§ **YOUR ASSIGNMENT**: Repeat every entry exactly as it stands. Omit the images.

|---|

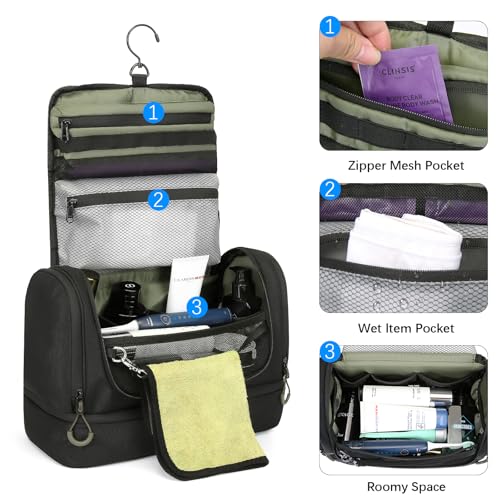 TANGCORLE Toiletry Bag for Men, Handing Travel Toiletry Organizer Protable Water Ressistant Bathroom Shaving Bags for Toiletry Accessories, Travel Essentials, Black(Empty Bag)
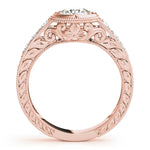 Vintage 14K Rose Gold Diamond Engagement Ring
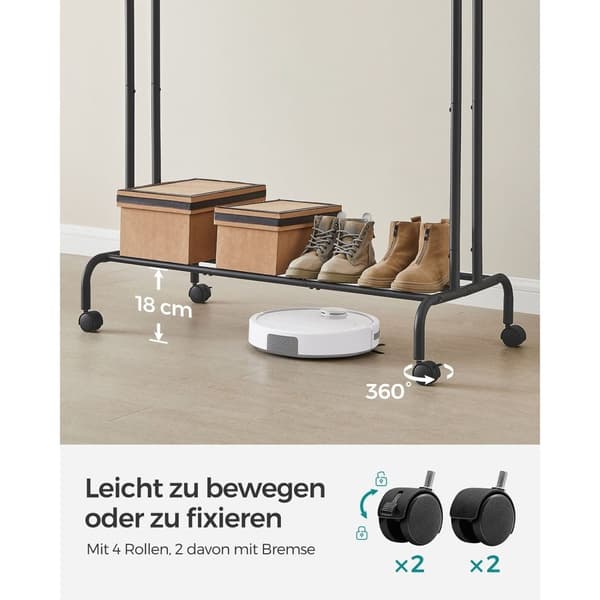 Rootz-vaateteline – Siirrettävä vaateteline – Vaatteiden järjestäjä – Musta teräsrunko – 120cm x 45cm x 160cm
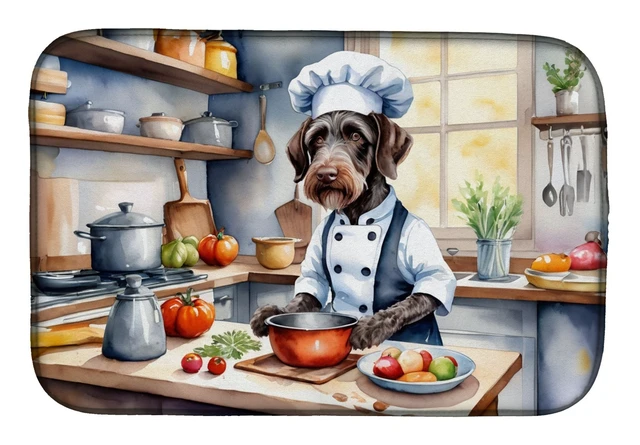 Main image of German Wirehaired Pointer The Chef Dish Drying Mat Absorbent Dish Drying Mat Pad for Kitchen Counter Dish Drainer Mat for Counte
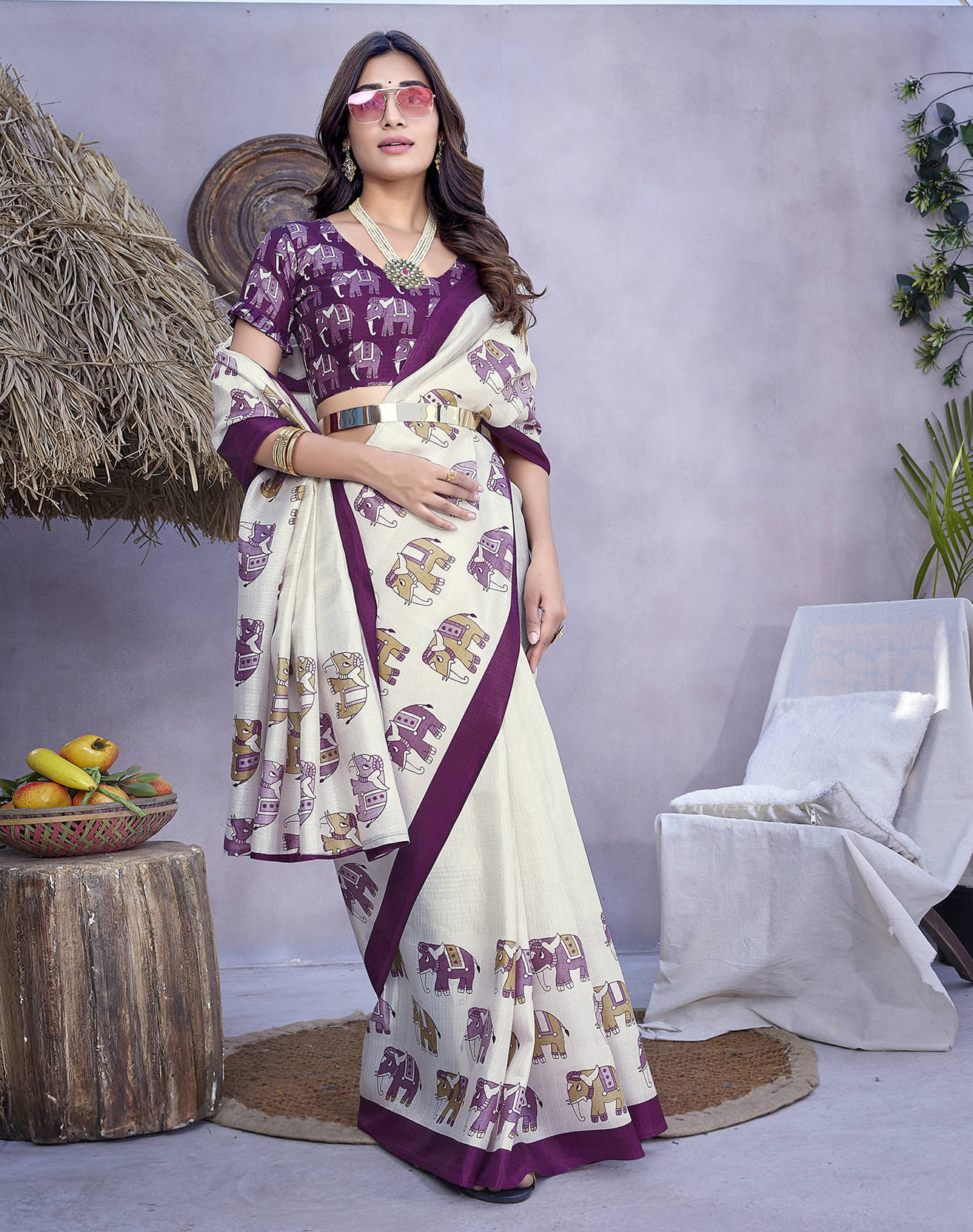 Yashika Art Silk Printed Saree With Unstitched Blouse Piece ( Purple ) Yashika Art Silk Printed Saree With Unstitched Blouse Piece ( Purple )
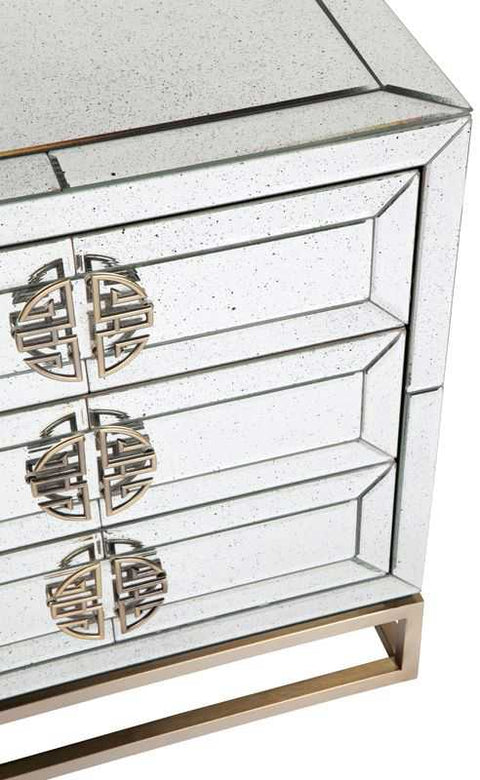 Rochester Mirrored Bedside Table - OUTLET NSW - Rochester Mirrored Bedside Table - OUTLET NSW - Eleganté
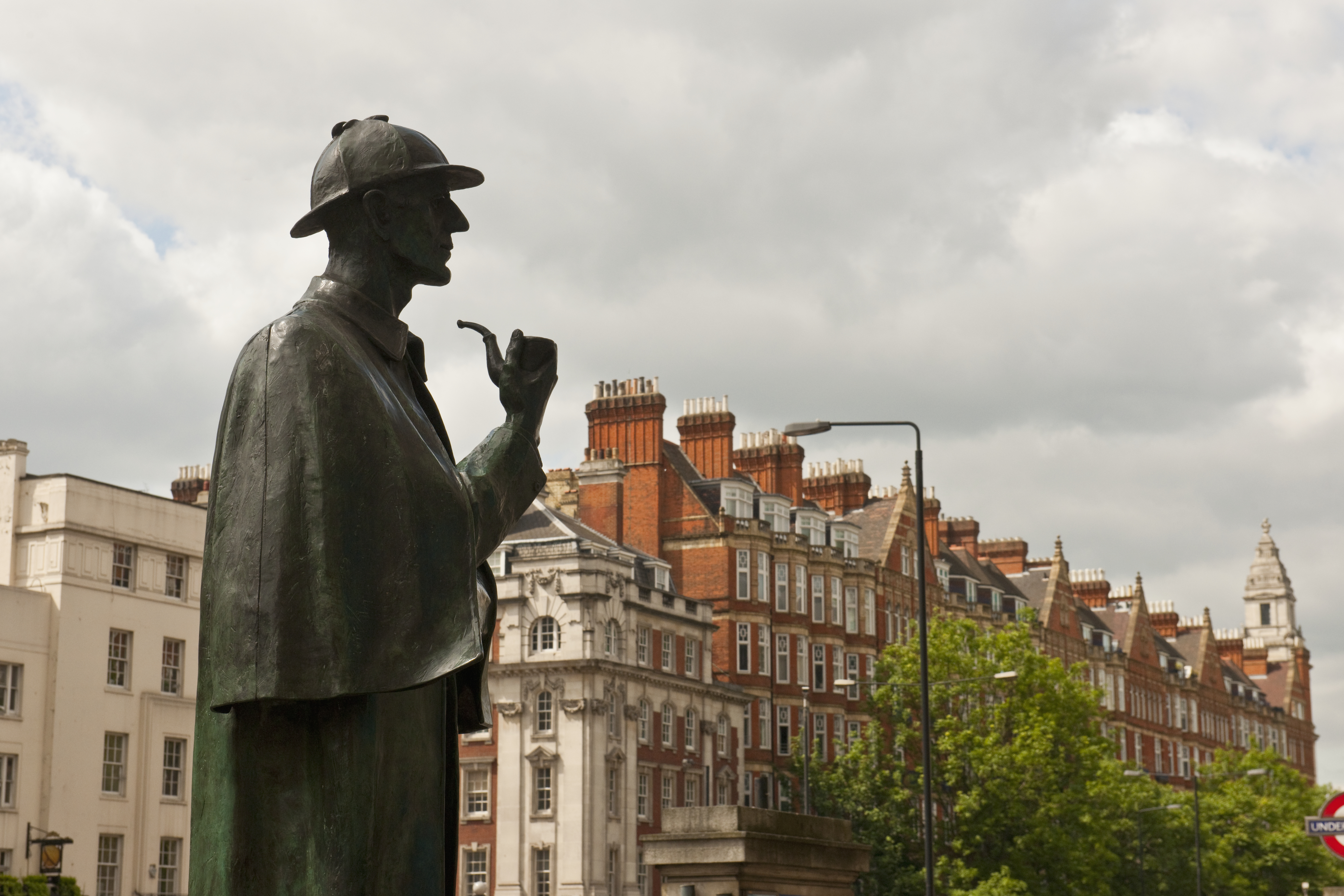 The statue of Sherlock Holmes in London.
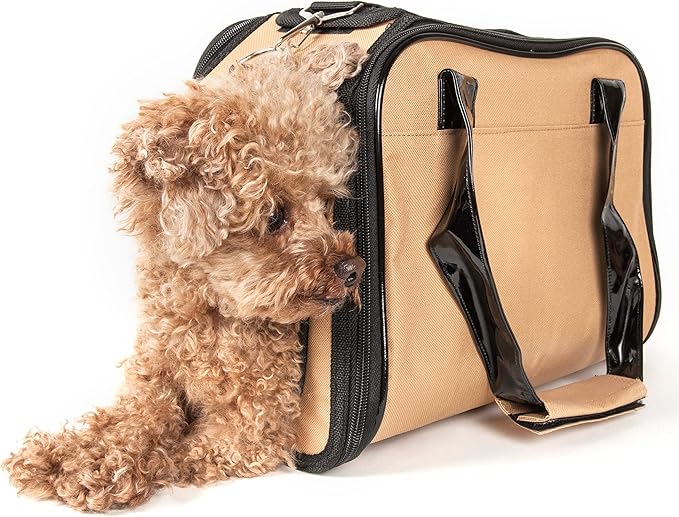 Pet Life ® 'Mystique' Fashion Designer Travel Soft-Folding Airline Apprived Pet Dog Carrier with Quilted Front Pocket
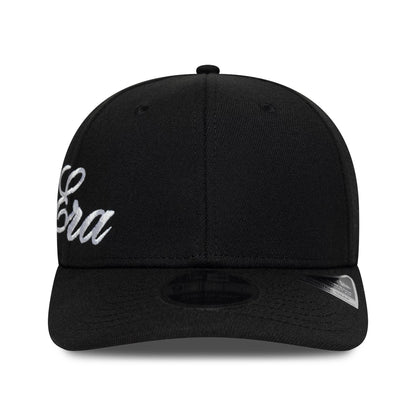Pictured is this New Era Big Script 9FIFTY Stretch Snap cap in black. 2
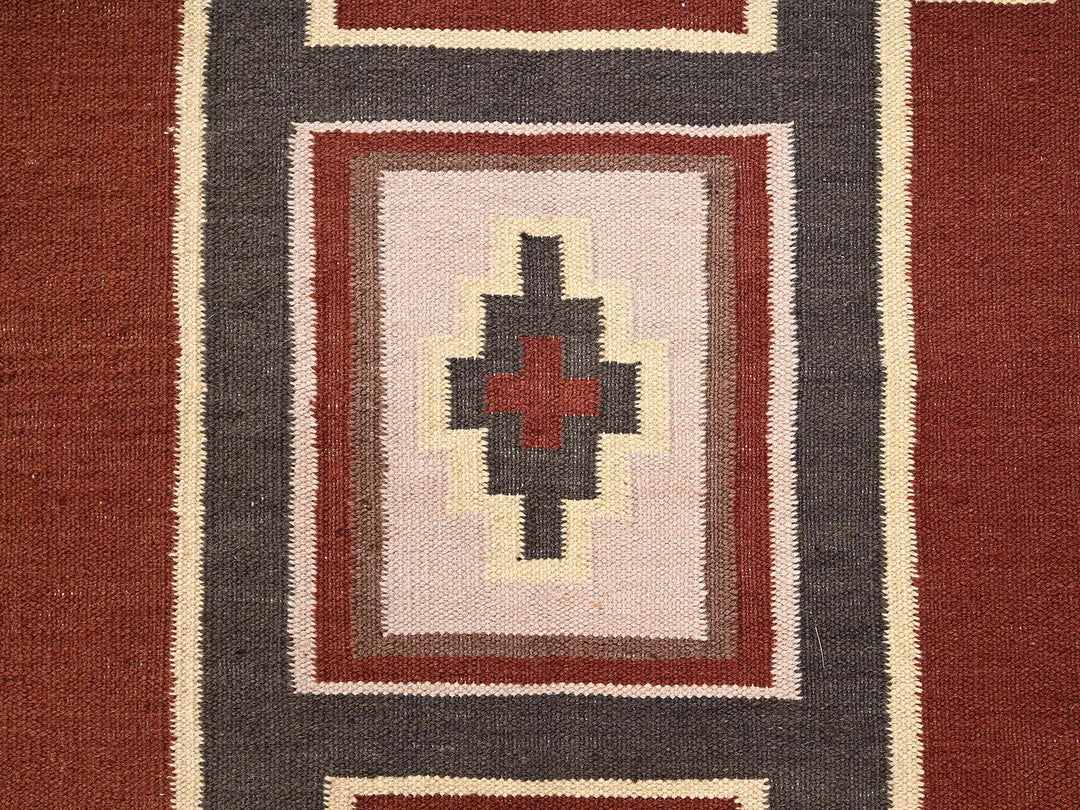 5'2" x 7'0" New Hand Woven Brown Wool Rectangle Oriental Rug - MOA1022096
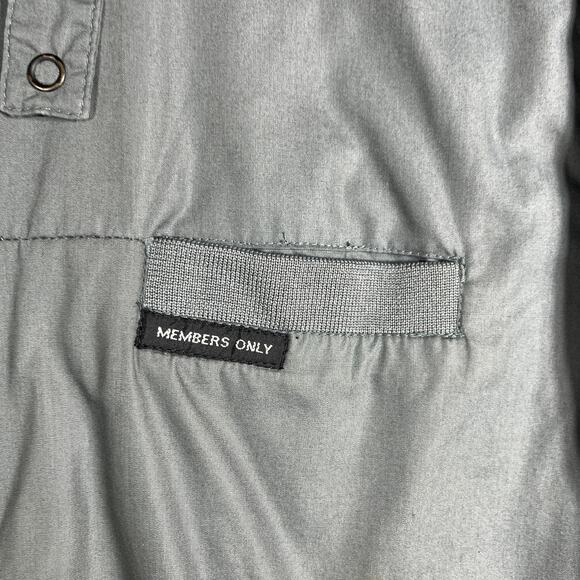 Vintage Members Only Bomber Jacket Mens 44 Gray‎ Full Zip Outdoor Pockets 90s - Picture 4 of 10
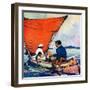 "Family in Canoe,"May 1, 1927-Frank Schoonover-Framed Giclee Print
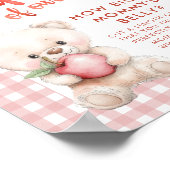 目のアップルどのように大きなmomsベリーゲーム赤ちゃんシャワー ポスター (角)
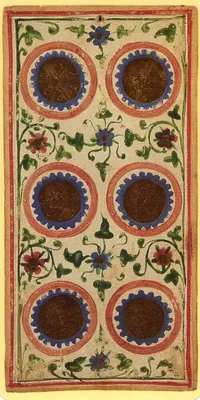 Six of Pentacles in the Visconti-Sforza tarot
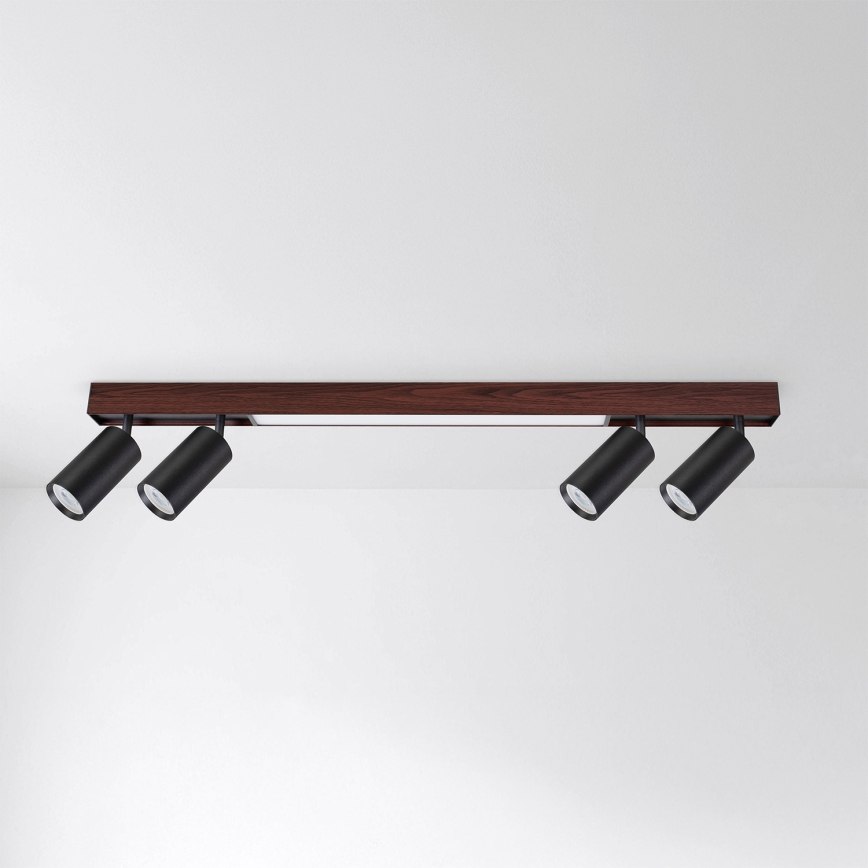BRILAGI - LED Bodové svietidlo SELE 4xGU10/30W/230V + LED/20W čierna/dekor čerešne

|---|

§ **EXERCISE SOLUTION**:
 TANGCORLE Toiletry Bag for Men, Handing Travel Toiletry Organizer Protable Water Ressistant Bathroom Shaving Bags for Toiletry Accessories, Travel Essentials, Black(Empty Bag)
 Vintage 14K Rose Gold Diamond Engagement Ring
 Rootz-vaateteline – Siirrettävä vaateteline – Vaatteiden järjestäjä – Musta teräsrunko – 120cm x 45cm x 160cm
 Main image of German Wirehaired Pointer The Chef Dish Drying Mat Absorbent Dish Drying Mat Pad for Kitchen Counter Dish Drainer Mat for Counte
 Yashika Art Silk Printed Saree With Unstitched Blouse Piece ( Purple ) Yashika Art Silk Printed Saree With Unstitched Blouse Piece ( Purple )
 Rochester Mirrored Bedside Table - OUTLET NSW - Rochester Mirrored Bedside Table - OUTLET NSW - Eleganté
 The statue of Sherlock Holmes in London.
 Pet Life ® 'Mystique' Fashion Designer Travel Soft-Folding Airline Apprived Pet Dog Carrier with Quilted Front Pocket
Pictured is this New Era Big Script 9FIFTY Stretch Snap cap in black. 2
 5'2" x 7'0" New Hand Woven Brown Wool Rectangle Oriental Rug - MOA1022096
 Vintage Members Only Bomber Jacket Mens 44 Gray‎ Full Zip Outdoor Pockets 90s - Picture 4 of 10
 "Family in Canoe,"May 1, 1927-Frank Schoonover-Framed Giclee Print
 目のアップルどのように大きなmomsベリーゲーム赤ちゃんシャワー ポスター (角)
 Six of Pentacles in the Visconti-Sforza tarot
BRILAGI - LED Bodové svietidlo SELE 4xGU10/30W/230V + LED/20W čierna/dekor čerešne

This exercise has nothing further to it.